Wednesday, May 25, 2005
BOSTON GLOBE COLUMNIST JAMES CARROLL
offers some negative views on the exclusivist belief of Catholicism:
Pope Benedict XVI would never countenance the physical denigration of the Koran or the harassment of Jews for being Christ-killers, but his warnings about the ''dictatorship of relativism," and his robust assertions of Vatican-centered Catholicism's exclusive possession of the fullness of truth are signs of changing weather.
The election as pope of such a figure has dark significance for the future of Catholic liberalism, but it may go far beyond the boundaries of the church, pointing to the arrival of a global cold front, the coming of a new climate of radical intolerance.

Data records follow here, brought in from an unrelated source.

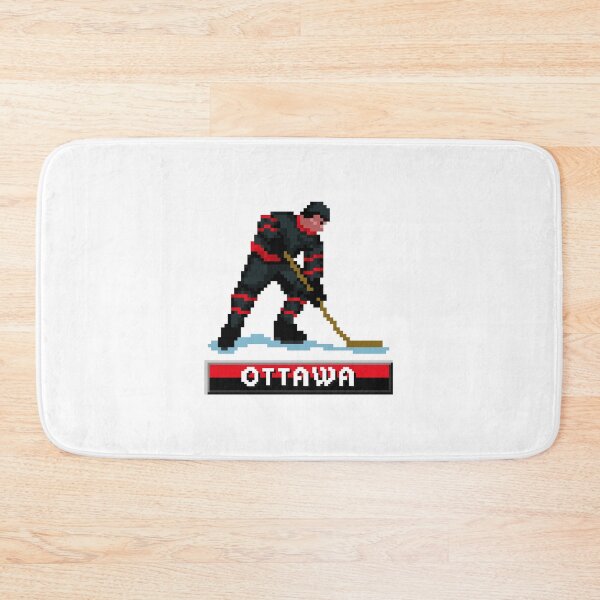 Item preview, Ottawa Hockey  designed and sold by Hootsdawson.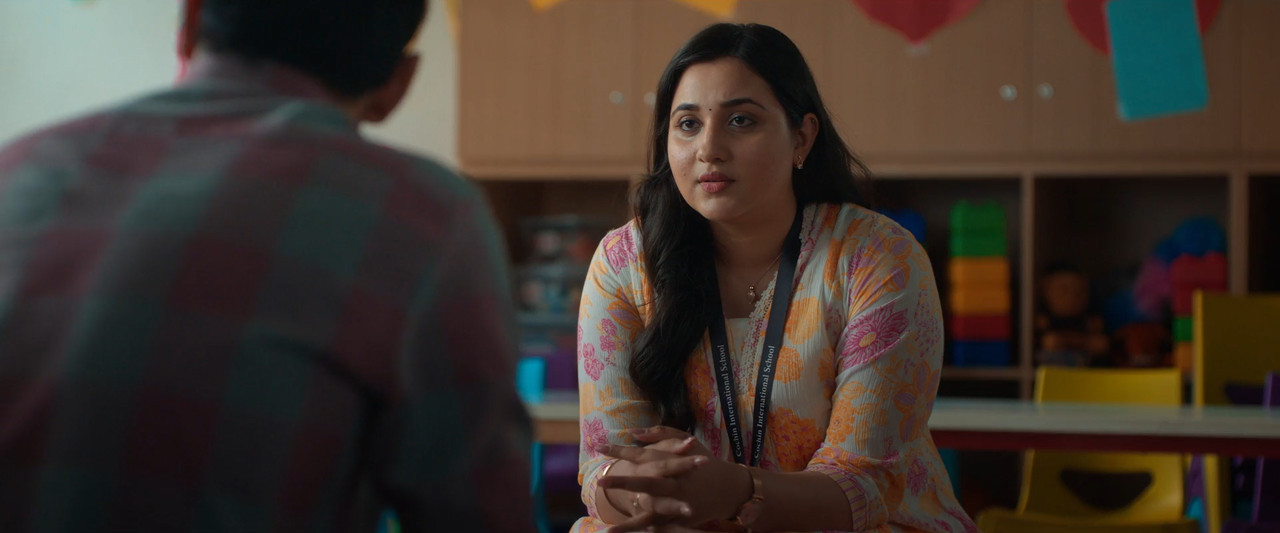 Odum Kuthira Chadum Kuthira 2025 WebRip [Hindi + Tamil + Telugu + Malayalam + Kannada] 480p 720p 1080p ESub Screenshot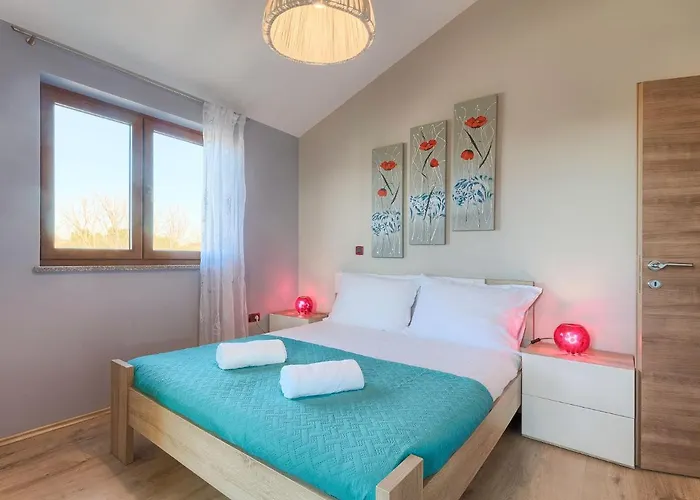 Nyaraló Linden Tree By Interhome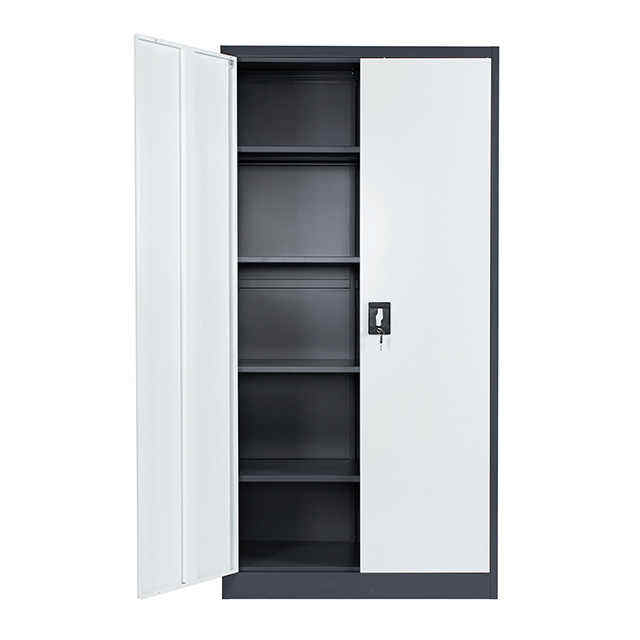 Premium Steel Metal Document Failet Failing Duty Duty for School Library Office Workplace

Is doubt part and parcel of rational inquiry, or not? Is ambiguity essential to human knowing, or not? If the ground on which one stands while thinking, and the time within which one pursues a thought to its conclusion are both in flux, as suggested by the insights of Albert Einstein, why is ''relativity" to be taken as wicked?...
Thinking of Christianity in particular, one must ask a hard question of those who reassert the triumphalist claims of the past: Do you not know the history of such absolutism? How theological denigration of others so often led to bloodshed? How, in particular, those labeled ''Christ-killers" were themselves killed? How the religion of Muslims was itself understood as a capital crime? How the very idea of democratic liberalism was forged in the crucible of religious wars, Christians slaughtering each other in good conscience for the sake of the ''one way" of Jesus Christ?
In the era of global warming, the link between human assumptions and climate is clear. The threat to the Earth of unintended climate change is a metaphor for the less tangible but equally grave threat arising from reasserted assumptions of religious superiority, polluting the human climate with intolerance, perhaps spawning winds of violence.